Now if everything is a mereological sum, then simples are mereological sums. Now every simple has a part: itself. So a simple is a mereological sum of itself.
Now it may be that in standard mereology summation is an operation the operands of which must be at least 2 in number. But PvI is doing his own thing which ought to be obvious from the fact that he is arguing the wildly contrarian thesis that sums can change their members.
Maybe I'm dense, but WHY must I say that the Brick House exists on Tuesday if I accept class. ext. mereology with Unr Comp and Uniqueness of Comp? Why can't I say that class. mereology is true of sums but not true of houses? What can't I accept mereology as a formal theory of those wholes called sums while denying that many of the wholes we encounter in the world are sums?
After all, you accept set theory, but you are not inclined to say that your house is a set -- or at least I hope you are not.
Posted by: Bill Vallicella | Wednesday, September 08, 2010 at 08:07 PM
Bill,
I'll refrain from saying any more about PVI's paper since I haven't read it, except to say this: I'm not sure that I understand, or agree with, his claim that everything is a mereological sum, for reasons I've already discussed. But without having read his paper, I shouldn't suppose that what I've said actually counts against what PVI has said, and I won't say any more about it.

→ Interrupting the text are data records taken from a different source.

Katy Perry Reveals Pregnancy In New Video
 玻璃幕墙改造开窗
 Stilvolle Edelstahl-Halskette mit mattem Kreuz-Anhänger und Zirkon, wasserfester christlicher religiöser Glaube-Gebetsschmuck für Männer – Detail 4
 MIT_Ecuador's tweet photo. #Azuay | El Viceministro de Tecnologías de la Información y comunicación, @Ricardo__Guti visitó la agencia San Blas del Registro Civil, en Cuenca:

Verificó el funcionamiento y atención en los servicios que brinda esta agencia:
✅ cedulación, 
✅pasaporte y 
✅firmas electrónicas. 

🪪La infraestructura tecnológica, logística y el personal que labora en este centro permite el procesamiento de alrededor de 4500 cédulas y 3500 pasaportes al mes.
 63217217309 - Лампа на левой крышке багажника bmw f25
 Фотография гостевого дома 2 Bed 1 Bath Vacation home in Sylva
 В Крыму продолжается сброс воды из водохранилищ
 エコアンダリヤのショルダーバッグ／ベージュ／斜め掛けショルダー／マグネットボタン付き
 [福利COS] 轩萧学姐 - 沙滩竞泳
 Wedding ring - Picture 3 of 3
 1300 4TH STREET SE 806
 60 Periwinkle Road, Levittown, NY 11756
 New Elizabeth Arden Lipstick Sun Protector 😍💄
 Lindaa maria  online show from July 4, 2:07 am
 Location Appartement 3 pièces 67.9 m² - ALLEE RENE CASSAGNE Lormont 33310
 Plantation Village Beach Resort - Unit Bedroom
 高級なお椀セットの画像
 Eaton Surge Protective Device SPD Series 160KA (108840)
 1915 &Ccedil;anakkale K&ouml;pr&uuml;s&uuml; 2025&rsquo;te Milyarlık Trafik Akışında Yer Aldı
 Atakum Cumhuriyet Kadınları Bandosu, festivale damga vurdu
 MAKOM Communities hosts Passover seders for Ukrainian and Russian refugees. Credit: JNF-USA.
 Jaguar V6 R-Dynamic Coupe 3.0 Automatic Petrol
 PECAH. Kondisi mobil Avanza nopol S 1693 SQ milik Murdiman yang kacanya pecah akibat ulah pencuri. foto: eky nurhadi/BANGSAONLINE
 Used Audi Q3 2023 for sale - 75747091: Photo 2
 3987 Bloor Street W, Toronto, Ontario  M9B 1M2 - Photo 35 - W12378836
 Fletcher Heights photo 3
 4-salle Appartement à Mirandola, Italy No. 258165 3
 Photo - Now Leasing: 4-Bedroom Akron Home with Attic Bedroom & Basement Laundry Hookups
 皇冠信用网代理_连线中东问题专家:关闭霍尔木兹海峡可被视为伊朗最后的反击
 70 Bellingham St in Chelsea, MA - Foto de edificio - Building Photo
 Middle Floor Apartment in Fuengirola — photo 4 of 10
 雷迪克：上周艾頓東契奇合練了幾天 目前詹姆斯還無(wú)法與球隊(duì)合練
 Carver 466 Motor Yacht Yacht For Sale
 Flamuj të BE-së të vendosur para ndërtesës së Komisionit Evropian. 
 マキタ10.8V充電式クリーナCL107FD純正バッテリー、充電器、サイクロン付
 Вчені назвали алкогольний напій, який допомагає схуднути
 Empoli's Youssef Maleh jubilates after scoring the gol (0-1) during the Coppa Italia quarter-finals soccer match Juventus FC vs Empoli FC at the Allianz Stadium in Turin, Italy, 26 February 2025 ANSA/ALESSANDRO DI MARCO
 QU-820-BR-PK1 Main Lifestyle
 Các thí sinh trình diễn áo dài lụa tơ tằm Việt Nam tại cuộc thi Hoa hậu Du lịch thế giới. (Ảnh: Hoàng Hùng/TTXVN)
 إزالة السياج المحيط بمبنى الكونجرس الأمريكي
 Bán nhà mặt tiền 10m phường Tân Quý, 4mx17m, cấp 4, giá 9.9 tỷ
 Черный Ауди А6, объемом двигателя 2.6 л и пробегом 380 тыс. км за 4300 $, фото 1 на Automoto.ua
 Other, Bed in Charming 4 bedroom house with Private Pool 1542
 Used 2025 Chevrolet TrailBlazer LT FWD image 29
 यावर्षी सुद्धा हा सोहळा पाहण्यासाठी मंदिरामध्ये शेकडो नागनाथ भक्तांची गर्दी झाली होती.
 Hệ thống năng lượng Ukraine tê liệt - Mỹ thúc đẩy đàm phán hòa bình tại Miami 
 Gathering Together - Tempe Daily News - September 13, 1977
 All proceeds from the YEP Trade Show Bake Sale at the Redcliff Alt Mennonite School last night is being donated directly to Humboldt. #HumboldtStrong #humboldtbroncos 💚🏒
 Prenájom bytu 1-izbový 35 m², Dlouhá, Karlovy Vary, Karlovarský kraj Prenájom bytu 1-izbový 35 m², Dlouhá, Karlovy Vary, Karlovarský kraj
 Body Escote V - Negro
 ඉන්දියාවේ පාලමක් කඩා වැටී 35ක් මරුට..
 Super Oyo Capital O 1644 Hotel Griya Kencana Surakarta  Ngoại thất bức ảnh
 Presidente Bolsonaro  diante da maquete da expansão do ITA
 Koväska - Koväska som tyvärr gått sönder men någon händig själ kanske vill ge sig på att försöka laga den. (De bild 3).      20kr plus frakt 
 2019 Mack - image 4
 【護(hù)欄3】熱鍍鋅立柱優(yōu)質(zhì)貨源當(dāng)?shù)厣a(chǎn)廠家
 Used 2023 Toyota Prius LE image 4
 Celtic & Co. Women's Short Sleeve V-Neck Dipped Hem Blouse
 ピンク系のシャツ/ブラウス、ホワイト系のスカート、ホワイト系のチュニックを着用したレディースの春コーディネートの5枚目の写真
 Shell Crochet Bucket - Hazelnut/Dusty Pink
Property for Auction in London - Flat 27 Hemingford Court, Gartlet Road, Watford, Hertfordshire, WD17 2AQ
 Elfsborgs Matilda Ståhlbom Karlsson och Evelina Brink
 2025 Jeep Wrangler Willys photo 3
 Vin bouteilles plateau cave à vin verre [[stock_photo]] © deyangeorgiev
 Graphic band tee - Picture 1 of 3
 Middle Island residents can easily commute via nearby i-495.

The reason I think you have to say that the Brick House exists on Tuesday (given your acceptance of classical extensional mereology) is that it's not clear on what grounds you distinguish Brick House from Brick Sum. You can't say that it's because Brick House has its parts arranged in a certain way, whereas on Tuesday, when there was only Brick Sum, those parts were not arranged in any particular way (or, if you like, were arranged in some other way). Uniqueness of Composition says that arrangement of parts is irrelevant; if two objects have the same parts (as Brick House and Brick Sum do), then those two objects are in fact identical. Until you give me a story about what it is that makes Brick House distinct from Brick Sum - where this story has nothing to do with the arrangement of parts - then I say you are committed to the claim that Brick House exists on Tuesday.
If I understand your Nonmodal 'Historical' Argument, it says that Brick Sum has a property that Brick House lacks (namely, that of existing on Tuesday), and so the two must be distinct. But this argument already presupposes a rejection of Uniqueness, because given Uniqueness, Brick House DOES have the property of existing on Tuesday.
It might be that your Modal Argument succeeds; I haven't given it a close reading. If it does, then Brick House and Brick Sum are distinct after all.
All of this being said, I don't want to make it seem that I am opposed in general to your proposals. I'm inclined to think favorably of ontological views which leave classical extensional mereology alone, and add some other ontological ingredient. This is why I think some of Schaffer's work on grounding is promising. My only worry about your position is that I'm unclear on what the additional ontological ingredient is. But I AM sympathetic to your project here.
In any case, in the future I'll try to avoid commenting on posts of yours referencing articles I've not read. I only just discovered your blog recently, and as it happens, many of your recent posts are concerned with one of my favorite areas of philosophy, and I simply wanted to join the discussion.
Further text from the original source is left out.